When using a proxy (CONNECT via plain HTTP), pip gets the HTTPS certificate verification wrong. Rather than verifying that the certificate received through the tunnel matches the host at the tunnel's end, it compares it to the proxy itself:

[user@host ~]# pip --proxy proxy.localdoma.in:3128 -v install --upgrade pip
Could not fetch URL https://pypi.python.org/simple/pip/: connection error: hostname 'proxy.localdoma.in' doesn't match either of '*.c.ssl.fastly.net', 'c.ssl.fastly.net', '*.target.com', > '*.vhx.tv', '*.snappytv.com', '*.atlassian.net', 'p [...]

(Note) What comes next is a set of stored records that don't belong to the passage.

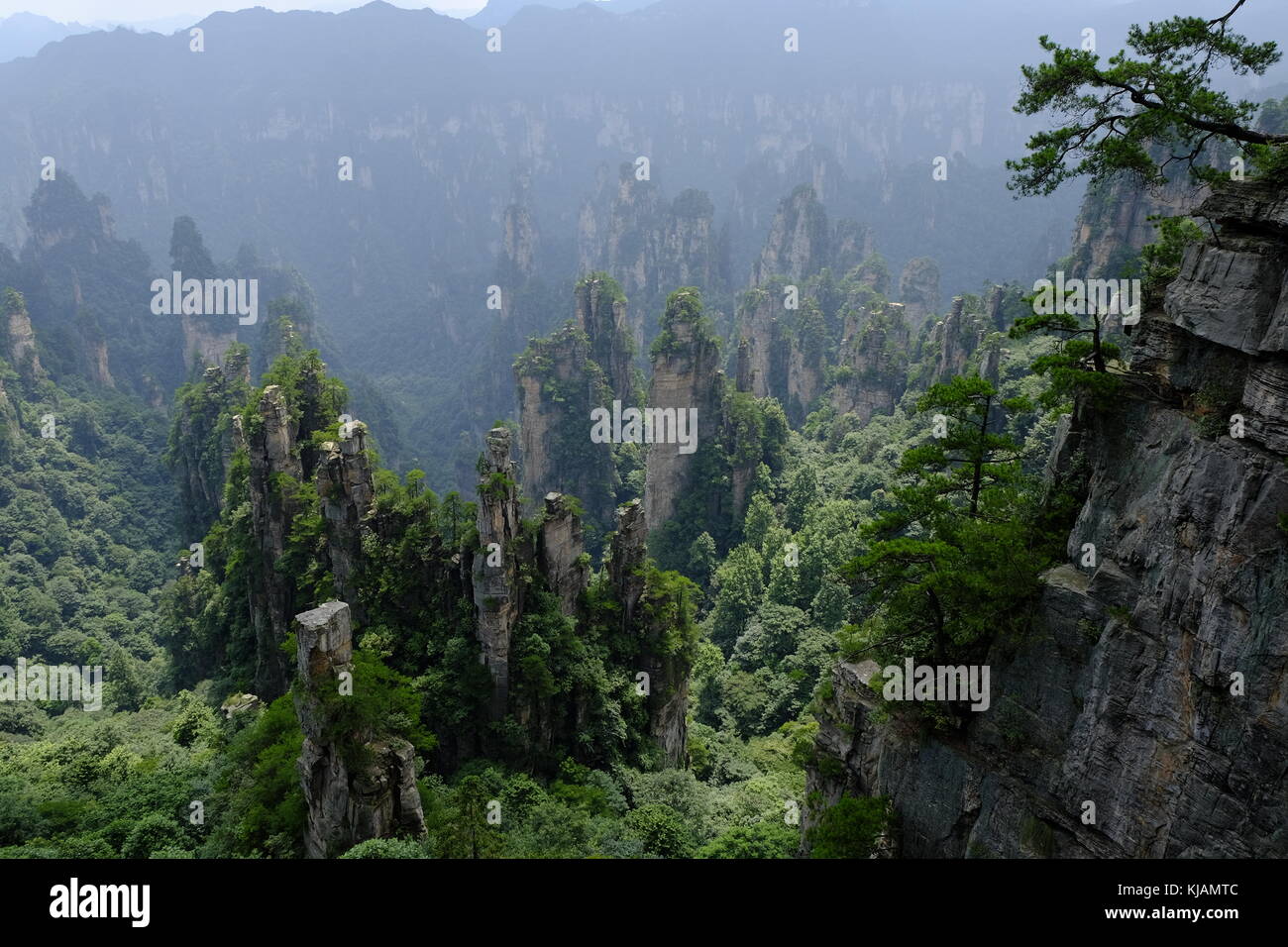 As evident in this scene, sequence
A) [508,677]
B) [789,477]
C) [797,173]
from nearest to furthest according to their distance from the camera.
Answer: [508,677] < [789,477] < [797,173]

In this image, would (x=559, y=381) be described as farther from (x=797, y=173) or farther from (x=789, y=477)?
(x=797, y=173)

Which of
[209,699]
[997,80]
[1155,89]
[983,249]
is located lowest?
[209,699]

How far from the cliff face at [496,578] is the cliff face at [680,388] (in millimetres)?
36902

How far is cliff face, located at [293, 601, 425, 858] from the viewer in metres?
20.5

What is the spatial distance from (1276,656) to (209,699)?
38.0 metres

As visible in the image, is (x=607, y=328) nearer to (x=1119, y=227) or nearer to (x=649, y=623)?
(x=1119, y=227)

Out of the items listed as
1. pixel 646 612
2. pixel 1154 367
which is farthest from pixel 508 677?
pixel 1154 367

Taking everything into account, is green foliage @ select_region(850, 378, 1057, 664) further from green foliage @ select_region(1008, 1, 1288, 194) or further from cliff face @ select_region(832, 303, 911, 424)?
cliff face @ select_region(832, 303, 911, 424)

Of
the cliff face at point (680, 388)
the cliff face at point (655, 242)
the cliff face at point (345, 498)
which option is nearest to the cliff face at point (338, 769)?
the cliff face at point (345, 498)

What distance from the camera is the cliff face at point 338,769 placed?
20500 mm

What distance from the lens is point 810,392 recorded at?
97.4m

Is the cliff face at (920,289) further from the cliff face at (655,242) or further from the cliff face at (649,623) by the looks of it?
the cliff face at (649,623)

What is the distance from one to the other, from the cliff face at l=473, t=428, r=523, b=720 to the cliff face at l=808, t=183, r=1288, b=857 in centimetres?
1406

I'm all in favor of securing PyPI, but there should be some testing involved.

@chrullrich said:

The proxy is squid 3.3, and no, I do not have any of the three installed, just plain Python 3.4.1 (amd64) plus pywin32-219.

@chrullrich said:

We do not have any funny business going on, like a transparent proxy configured to do SSL MITM with invented certificates.

@chrullrich said:

Python 3.4.1 (v3.4.1:c0e311e010fc, May 18 2014, 10:45:13) [MSC v.1600 64 bit (AMD64)] on win32

I left out a few things which I don't believe is relevant to urllib3, but it's on the original pip ticket if you want to see it.

[Lukasa]

So, here's a fun fact: Python 3.4 does its own cert verification. I wonder if that's where the problem is.

[shazow]

So, here's a fun fact: Python 3.4 does its own cert verification. I wonder if that's where the problem is.

TIL.

[Lukasa]

=) I wonder if we can narrow it down to a Python 3.4 vs earlier Pythons issue.

[dstufft]

Uhh, does 3.4 really do it's own cert validation by default? I didn't think Python 3.4 did that?

[chrullrich]

I have both 3.3 and 3.4 on that machine. On it ...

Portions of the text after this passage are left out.